Seems there are different areas to address – Alberta’s riverine flood risk (incompletely mapped, not well regulated) and Ontario’s urban overland flood risks (rarely mapped, never regulated).
The MMM presentation suggests there are two extremes for assessing the overland flood risks i) topographic mapping that can only define areas of interest but not extent of flooding, and ii) complex data and labour intensive modelling required to “understand risk and assess mitigation measures”. There is a middle ground beyond the topographic screening suggested (slides 85-88) which is GIS-based hydrology and hydraulics using provincial data sets – its neither data nor labour intensive. Here is an example of such analysis:
Why is it so important to not shy away from urban overland flood risk mapping?
1) Because that is where so much of the damages are focused – the Toronto example shows for the May 2000, August 2005 and July 2013 flood events only 2% of reported flooding was in the river flood vulnerable areas. You find a similar breakdown for Burlington’s 2014 where valley flooding documented by the conservation authority is in the double digits but urban flooding is in the 1000’s.
2) Because that is where the regulatory and policy gaps lie. You can’t manage what you don’t map.
We don’t need expensive coupled minor system – major system – 2D spill simulation models to define urban flood risks – those are certainly needed to design remediation.

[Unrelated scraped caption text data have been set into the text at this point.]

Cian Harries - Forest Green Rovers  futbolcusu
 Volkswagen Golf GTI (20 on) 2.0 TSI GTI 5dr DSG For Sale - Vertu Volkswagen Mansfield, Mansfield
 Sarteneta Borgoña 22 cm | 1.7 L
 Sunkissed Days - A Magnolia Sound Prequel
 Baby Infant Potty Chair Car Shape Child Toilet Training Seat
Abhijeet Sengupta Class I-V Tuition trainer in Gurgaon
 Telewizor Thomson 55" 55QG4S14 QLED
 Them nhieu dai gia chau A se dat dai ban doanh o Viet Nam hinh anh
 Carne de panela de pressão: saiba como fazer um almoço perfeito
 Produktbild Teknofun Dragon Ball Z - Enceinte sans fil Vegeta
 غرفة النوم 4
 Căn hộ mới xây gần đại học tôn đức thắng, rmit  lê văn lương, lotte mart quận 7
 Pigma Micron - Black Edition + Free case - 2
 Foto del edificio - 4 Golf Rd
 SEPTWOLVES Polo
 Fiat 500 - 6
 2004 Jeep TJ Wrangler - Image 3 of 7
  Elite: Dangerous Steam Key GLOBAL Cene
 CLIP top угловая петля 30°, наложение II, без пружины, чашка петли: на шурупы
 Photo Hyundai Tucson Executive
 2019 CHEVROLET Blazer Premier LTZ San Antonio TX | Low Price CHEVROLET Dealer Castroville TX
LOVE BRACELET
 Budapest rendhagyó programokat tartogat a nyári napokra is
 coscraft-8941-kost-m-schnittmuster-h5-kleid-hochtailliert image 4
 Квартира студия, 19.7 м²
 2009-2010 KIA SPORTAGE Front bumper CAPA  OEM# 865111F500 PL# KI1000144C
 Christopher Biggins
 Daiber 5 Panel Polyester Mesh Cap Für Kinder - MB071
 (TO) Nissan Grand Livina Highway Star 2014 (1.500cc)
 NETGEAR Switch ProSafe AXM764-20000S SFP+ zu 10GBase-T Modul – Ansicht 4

For extreme events, the minor system can be ignored for the purpose of risk management – if that system is woefully undersized everyone knows because of the number of sewer back-up reports or claims. For extreme events the urban overland topography explains risks, and drives the minor system risks too. As the MMM presentation suggests 100 year level of service is insufficient – so the minor system does not figure into those large events of interest.
For urban flood risk mapping, any urban drainage path with 200 ha of area flowing into it is at risk (there are some examples at the end of the slideshare deck). Any urban drainage path with 500 ha of area flowing into it is more at risk. One can apply buffers to the flow path or do the basic hydrology/hydraulics in GIS to define the risk areas as in the slideshare example.
Do we want to end up 10 years from now with updated floodplain maps in valleys where only a couple percentage of Ontarian’s live (per Conservation Ontario)? And no overland flood risk mapping for urban areas where 90% of damages are occurring?
When it comes to urban overland flood mitigation, municipalities need more support at the provincial / agency level to map, manage and regulate the risks. This will take some great conviction – not because of the cost (extending risk mapping onto urban tableland can be done cost effectively with 1D GeoRAS in my experience), but because of the land value impact of mapping hazards on developed properties.
The floodplain mapping framework should look closely at the urban overland flood risk question in the context of high historical damage areas, and ensure the updated mapping includes extending mapping up into tableland, beyond valleys. The real gap is not the age and accuracy of the floodplain maps but their extent – professionals know that there is no correct storm to simulate, no ideal return period, no realistic hyetograph pattern, no perfect rain-runoff transformation, no correct combination of antecedent conditions and event conditions, no correct storm positioning and movement relative to the catchment, no correct hydraulic roughness of the conveyance system, no correct loss coefficients of the hydraulic structures, etc. etc. etc. – we can update the maps and we still will not address the fundamental uncertainties.
We could be better off to leave the floodplain maps alone and look harder at extending risks mapping into urban flooding areas.